▶ EXERCISE DESCRIPTION:
Transcribe exactly the lines that fall between the one holding "Ich, Abdeslam, Andreas, Hans-Jörg, Lars" and the one holding "More Photos Of", inclusive, from the entries below.

▶ GIVEN RECORDS:
▶
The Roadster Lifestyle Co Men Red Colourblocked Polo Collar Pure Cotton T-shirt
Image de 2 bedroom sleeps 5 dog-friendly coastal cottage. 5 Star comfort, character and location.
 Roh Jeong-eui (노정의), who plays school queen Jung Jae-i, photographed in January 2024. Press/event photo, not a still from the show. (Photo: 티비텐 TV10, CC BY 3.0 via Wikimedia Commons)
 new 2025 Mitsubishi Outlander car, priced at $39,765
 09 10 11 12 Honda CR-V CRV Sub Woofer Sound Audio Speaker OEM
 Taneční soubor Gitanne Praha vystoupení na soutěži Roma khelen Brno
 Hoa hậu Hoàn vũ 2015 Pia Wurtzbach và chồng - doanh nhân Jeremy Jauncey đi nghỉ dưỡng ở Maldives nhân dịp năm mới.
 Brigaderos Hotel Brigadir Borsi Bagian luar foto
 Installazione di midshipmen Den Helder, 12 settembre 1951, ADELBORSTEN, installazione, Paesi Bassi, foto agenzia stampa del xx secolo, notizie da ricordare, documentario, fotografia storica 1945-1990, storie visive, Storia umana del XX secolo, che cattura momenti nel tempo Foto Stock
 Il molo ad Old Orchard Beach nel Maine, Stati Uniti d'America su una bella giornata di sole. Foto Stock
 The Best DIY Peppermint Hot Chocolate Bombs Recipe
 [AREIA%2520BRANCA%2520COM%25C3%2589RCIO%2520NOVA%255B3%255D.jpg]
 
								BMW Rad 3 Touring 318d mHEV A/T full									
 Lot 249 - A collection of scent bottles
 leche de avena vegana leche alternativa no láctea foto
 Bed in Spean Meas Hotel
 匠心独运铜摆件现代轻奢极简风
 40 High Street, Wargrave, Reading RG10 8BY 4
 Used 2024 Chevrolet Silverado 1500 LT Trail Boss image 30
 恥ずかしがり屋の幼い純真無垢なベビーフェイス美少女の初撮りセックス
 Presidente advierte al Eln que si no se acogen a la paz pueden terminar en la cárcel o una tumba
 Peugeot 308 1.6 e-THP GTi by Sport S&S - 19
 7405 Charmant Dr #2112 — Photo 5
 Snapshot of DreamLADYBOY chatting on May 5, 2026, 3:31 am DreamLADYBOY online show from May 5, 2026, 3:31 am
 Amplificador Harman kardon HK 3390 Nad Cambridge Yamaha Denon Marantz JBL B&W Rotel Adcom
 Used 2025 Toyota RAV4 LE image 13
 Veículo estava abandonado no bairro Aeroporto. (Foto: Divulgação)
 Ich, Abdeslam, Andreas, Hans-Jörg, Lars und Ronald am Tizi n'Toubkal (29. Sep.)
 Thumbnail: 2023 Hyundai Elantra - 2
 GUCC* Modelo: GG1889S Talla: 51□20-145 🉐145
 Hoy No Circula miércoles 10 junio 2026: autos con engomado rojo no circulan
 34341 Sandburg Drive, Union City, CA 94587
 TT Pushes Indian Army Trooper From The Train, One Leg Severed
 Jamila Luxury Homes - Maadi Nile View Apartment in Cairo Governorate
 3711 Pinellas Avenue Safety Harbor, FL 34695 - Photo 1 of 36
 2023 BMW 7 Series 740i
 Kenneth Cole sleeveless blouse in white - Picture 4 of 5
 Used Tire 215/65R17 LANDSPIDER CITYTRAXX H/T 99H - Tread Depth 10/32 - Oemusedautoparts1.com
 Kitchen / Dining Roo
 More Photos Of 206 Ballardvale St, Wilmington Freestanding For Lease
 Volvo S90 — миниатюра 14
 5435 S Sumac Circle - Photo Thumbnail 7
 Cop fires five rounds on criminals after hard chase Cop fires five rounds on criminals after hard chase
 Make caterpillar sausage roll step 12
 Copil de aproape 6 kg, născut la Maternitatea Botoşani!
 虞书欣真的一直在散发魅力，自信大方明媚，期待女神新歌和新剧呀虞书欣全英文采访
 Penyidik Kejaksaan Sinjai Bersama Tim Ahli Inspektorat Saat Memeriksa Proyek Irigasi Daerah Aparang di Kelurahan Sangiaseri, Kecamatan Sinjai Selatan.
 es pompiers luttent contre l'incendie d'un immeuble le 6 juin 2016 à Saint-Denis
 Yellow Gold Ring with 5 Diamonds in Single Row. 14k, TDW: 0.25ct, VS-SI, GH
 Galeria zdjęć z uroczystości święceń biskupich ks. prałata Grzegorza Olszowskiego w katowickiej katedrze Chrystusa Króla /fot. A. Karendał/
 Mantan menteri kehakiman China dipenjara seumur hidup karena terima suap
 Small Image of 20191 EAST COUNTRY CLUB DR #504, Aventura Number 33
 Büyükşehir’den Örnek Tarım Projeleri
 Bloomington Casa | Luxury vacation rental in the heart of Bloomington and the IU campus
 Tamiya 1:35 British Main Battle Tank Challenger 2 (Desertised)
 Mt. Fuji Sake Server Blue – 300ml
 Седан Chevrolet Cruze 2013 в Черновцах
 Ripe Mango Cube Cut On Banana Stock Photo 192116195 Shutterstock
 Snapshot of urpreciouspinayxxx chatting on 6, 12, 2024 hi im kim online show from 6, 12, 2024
◀
▶ SOLUTION TO THE EXERCISE:
 Ich, Abdeslam, Andreas, Hans-Jörg, Lars und Ronald am Tizi n'Toubkal (29. Sep.)
 Thumbnail: 2023 Hyundai Elantra - 2
 GUCC* Modelo: GG1889S Talla: 51□20-145 🉐145
 Hoy No Circula miércoles 10 junio 2026: autos con engomado rojo no circulan
 34341 Sandburg Drive, Union City, CA 94587
 TT Pushes Indian Army Trooper From The Train, One Leg Severed
 Jamila Luxury Homes - Maadi Nile View Apartment in Cairo Governorate
 3711 Pinellas Avenue Safety Harbor, FL 34695 - Photo 1 of 36
 2023 BMW 7 Series 740i
 Kenneth Cole sleeveless blouse in white - Picture 4 of 5
 Used Tire 215/65R17 LANDSPIDER CITYTRAXX H/T 99H - Tread Depth 10/32 - Oemusedautoparts1.com
 Kitchen / Dining Roo
 More Photos Of 206 Ballardvale St, Wilmington Freestanding For Lease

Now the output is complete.